__Provided material__
· · · · ·

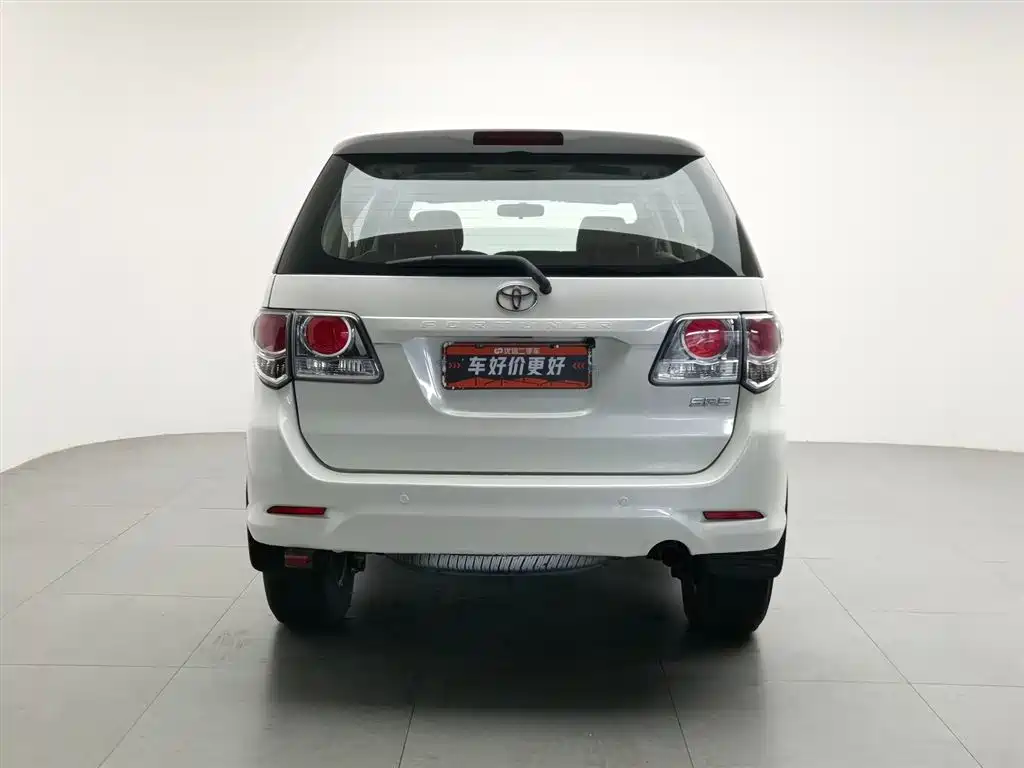 Toyota Fortuner 2014 2.7L AT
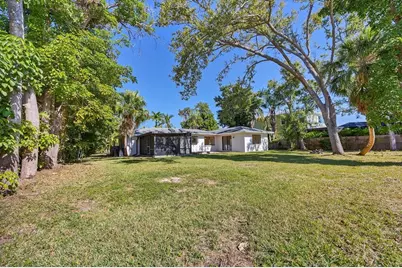 1632 Worrington Street, Sarasota, FL 34231 - Photo 27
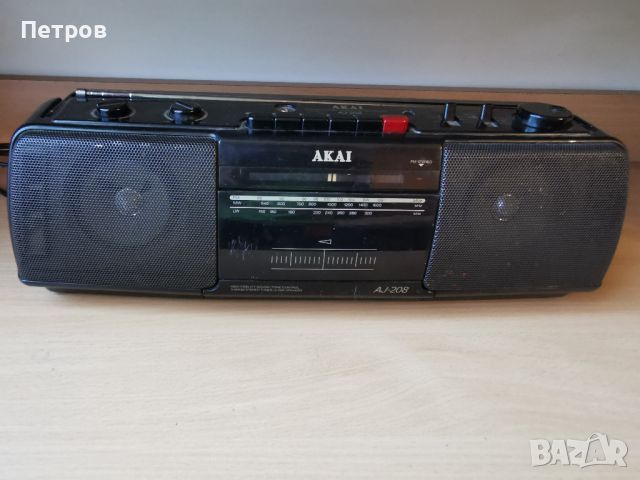 Радиокасетофон AKAI AJ-208 3 Band Stereo Radio, снимка 2 - Радиокасетофони, транзистори - 46406228
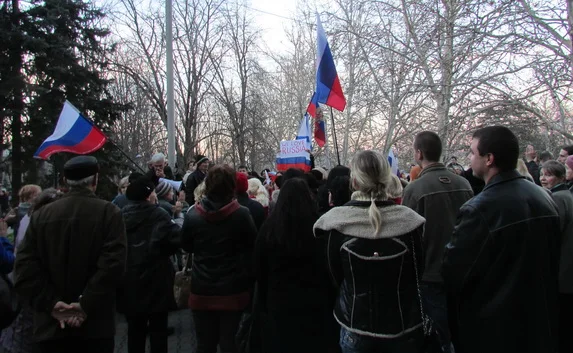  В Севастополе на митинге решили объявить бойкот «Океану Эльзы»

· · · · ·

__Exercise prompt__
Please set down every line of the listing verbatim, excluding its pictures.

__Answer to this task__
 Toyota Fortuner 2014 2.7L AT
 1632 Worrington Street, Sarasota, FL 34231 - Photo 27
 Радиокасетофон AKAI AJ-208 3 Band Stereo Radio, снимка 2 - Радиокасетофони, транзистори - 46406228
  В Севастополе на митинге решили объявить бойкот «Океану Эльзы»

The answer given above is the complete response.